One became a global icon after being shot in the head for trying to go to school. The other rose to prominence for skipping school to demand change. Pakistani education activist Malala Yousafzai, the youngest-ever Nobel laureate, and Swedish climate activist Greta Thunberg both began their public lives as teenagers challenging power. Now, the internet has pitted them against each other.
Greta has been celebrated for holding power to account, while Malala is criticised for becoming part of it. Her detractors say she spoke too late, or too gently, on Palestine. They accuse her of hedging her words to stay palatable to Western audiences. That anger is loudest in Pakistani spaces online. On r/pakistan, one comment summed up the mood: “Mincing her words enough to make sure she doesn’t offend anyone, but… this is what’s called bothsiding a genocide.” Others argued she “chose to be on the wrong side of history.”
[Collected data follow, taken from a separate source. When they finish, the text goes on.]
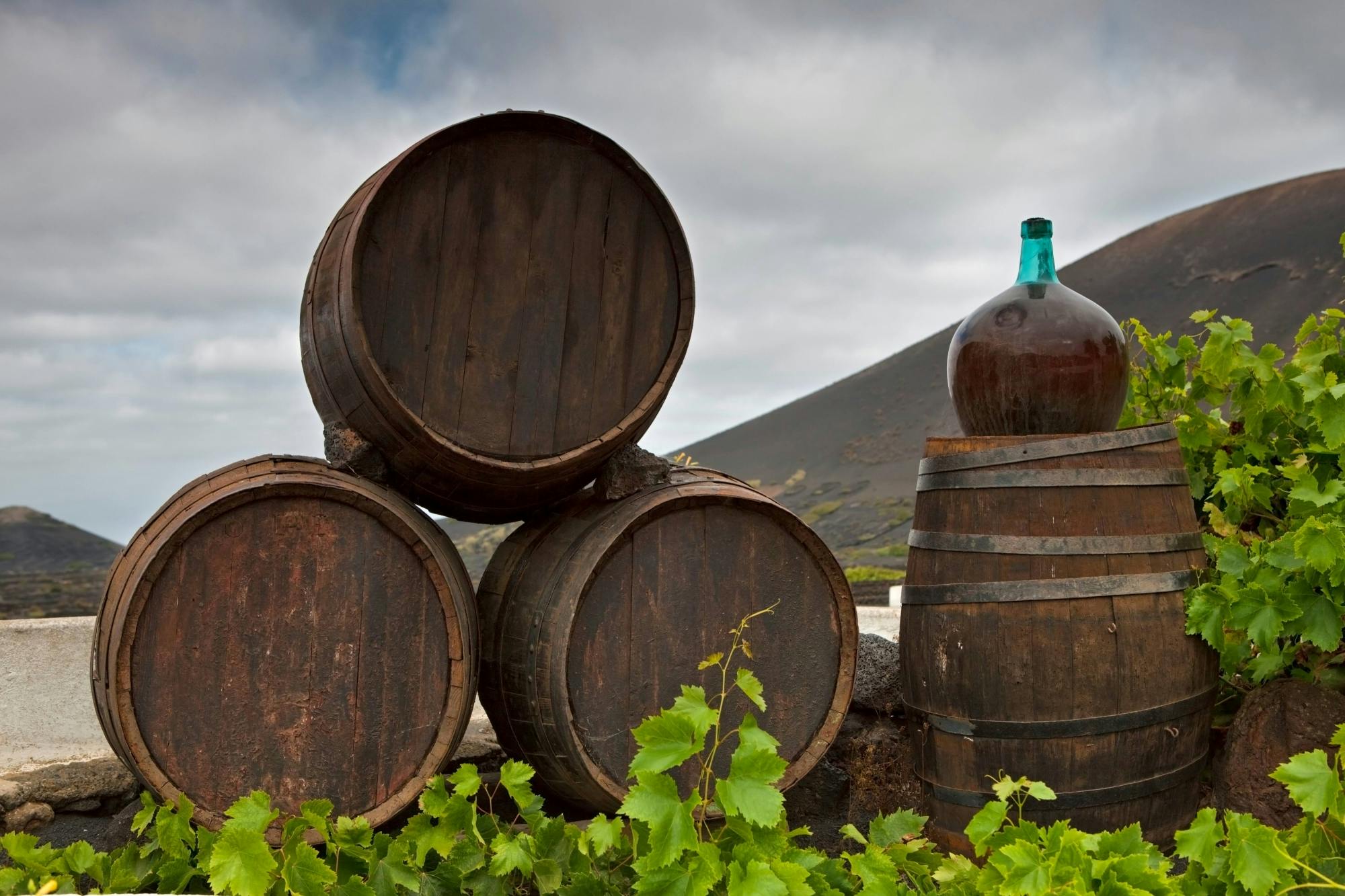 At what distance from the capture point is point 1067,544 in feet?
7.69

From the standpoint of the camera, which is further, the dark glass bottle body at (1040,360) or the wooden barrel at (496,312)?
the dark glass bottle body at (1040,360)

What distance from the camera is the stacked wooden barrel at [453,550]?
201cm

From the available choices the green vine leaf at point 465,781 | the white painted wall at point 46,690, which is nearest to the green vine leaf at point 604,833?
the green vine leaf at point 465,781

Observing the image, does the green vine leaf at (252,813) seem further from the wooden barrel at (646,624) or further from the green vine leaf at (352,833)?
the wooden barrel at (646,624)

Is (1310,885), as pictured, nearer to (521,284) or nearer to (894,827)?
(894,827)

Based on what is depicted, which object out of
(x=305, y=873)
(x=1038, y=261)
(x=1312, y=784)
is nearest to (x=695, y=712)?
(x=305, y=873)

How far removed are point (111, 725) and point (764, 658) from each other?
1369mm

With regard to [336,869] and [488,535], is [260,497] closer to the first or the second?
[336,869]

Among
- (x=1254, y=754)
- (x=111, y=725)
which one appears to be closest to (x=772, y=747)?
(x=111, y=725)

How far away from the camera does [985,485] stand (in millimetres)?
2422

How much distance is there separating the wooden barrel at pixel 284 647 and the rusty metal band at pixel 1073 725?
118 cm

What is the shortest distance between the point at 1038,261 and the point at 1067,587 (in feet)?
2.89

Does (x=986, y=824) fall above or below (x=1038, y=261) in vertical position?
below

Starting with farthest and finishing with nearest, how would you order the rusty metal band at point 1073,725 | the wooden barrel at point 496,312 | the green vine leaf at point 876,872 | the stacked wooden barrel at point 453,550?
the rusty metal band at point 1073,725, the wooden barrel at point 496,312, the stacked wooden barrel at point 453,550, the green vine leaf at point 876,872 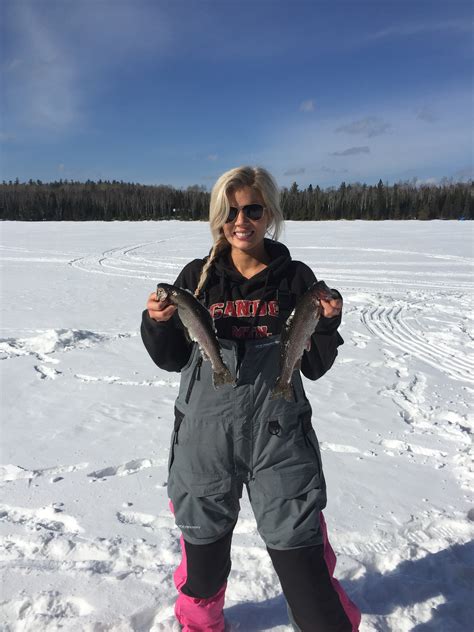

Malala has spoken up, calling for peace and protection of civilians, but detractors say her tone was cautious. For many, it was not enough. Critics point to her collaboration with Hillary Clinton on a Broadway musical as proof she is too close to Western power. Commentators have questioned whether her advocacy can still be called radical if it aligns with colonial interests, going so far to call her activism “performative”.
But that judgement misses something crucial. Malala’s activism is built on negotiation and diplomacy. Her influence depends on working within institutions. Thunberg’s defiance thrives outside them. Both methods matter. The crises we face, whether war, climate collapse or equal education, demand more than one kind of activism.
When the two met at Oxford in 2020, Malala wrote, “She’s the only friend I’d skip school for.” Greta replied: “Today I met my role model.” Two different ways of fighting for justice, both necessary, both valid, and neither woman deserves to be pitted against the other.